Una de las acuarelas que más disfruto es “La chichería”, en la que Angrand retrata a una limeña sobre un potro bien enjaezado tomando chicha de jora. Al pie, otra mujer con jazmines en el pelo y un chal muy elegante debe haber servido de inspiración a las letras de la gran Chabuca. Angrand retrató el caballo peruano de paso como nadie. Si bien Martínez de Compañón lo pintaba unas décadas antes, quizá fue el francés el primero en mostrarnos el biotipo de nuestro caballo con toda su fuerza y claridad, apero y grupa baja.
Si bien al comienzo Angrand se sintió atraído por lo pintoresco de Lima, luego profundizó su mirada, ya no en el documento gráfico sino a través de la palabra, en una carta en la que logra describir la atmósfera de la ciudad y su naturaleza telúrica, andina. Angrand testimonia un momento de cambio de épocas, usos y costumbres.

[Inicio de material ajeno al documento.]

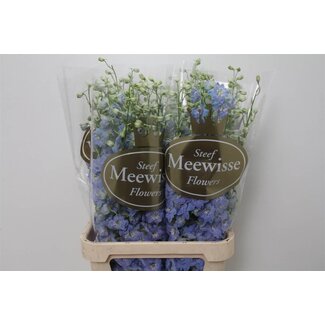 Freshy Delphinium Pied-d'alouette “Dewi Boy” | Couleur: Bleu | Longueur ± 100 centimeter | Par 10 tiges de fleurs fraîches
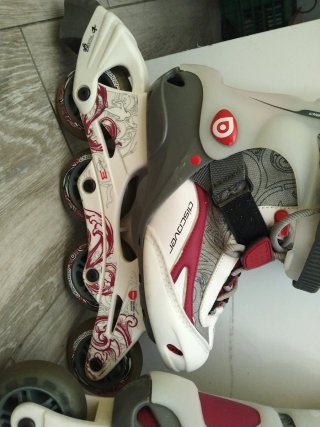 Patines discover 37/38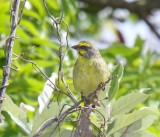 Yellow-fronted Canary_9356.jpg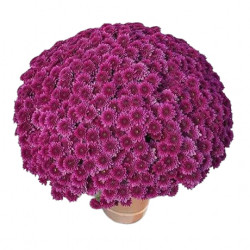 Multifleurs 30x30 Diva violet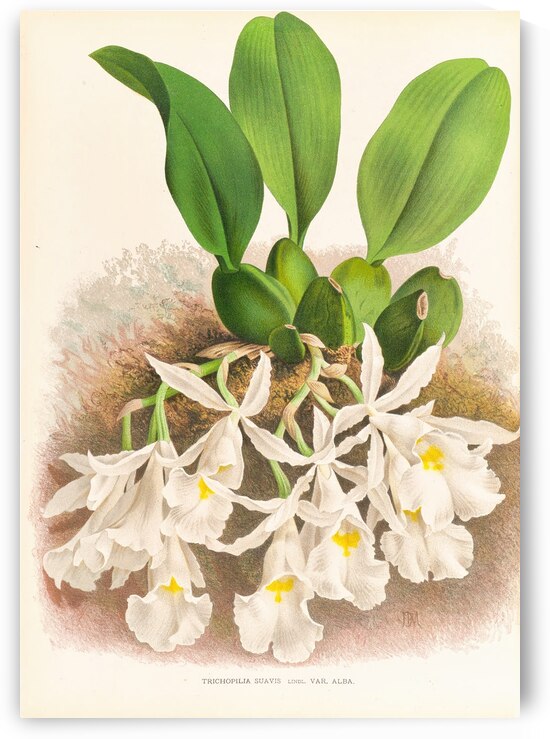 Trichopilia Suavis by IStockHistory com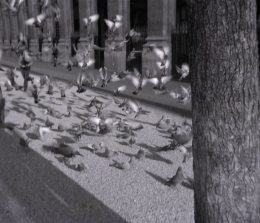 Jacques Benoist-Méchin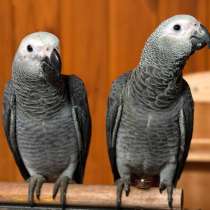 Жако - ручные птенцы из питомника, в Москве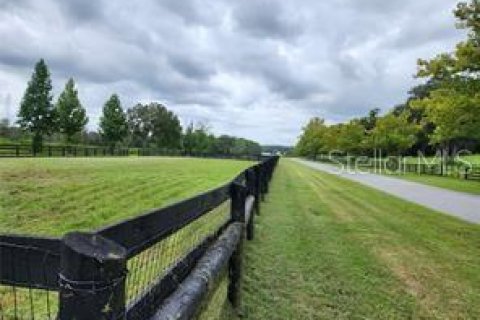 Terreno en venta en Summerfield, Florida № 1553460 - foto 14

Angrand no pudo verlo, dejó una Lima que se perdió y se reinventó mientras se consolidaba como capital de república, una Lima que pronto quedó sin tapadas, sin esclavos, que se enriqueció tan solo treinta años después con la bonanza del guano, una Lima que vio derribar su muralla y con ella los estertores de su herencia colonial.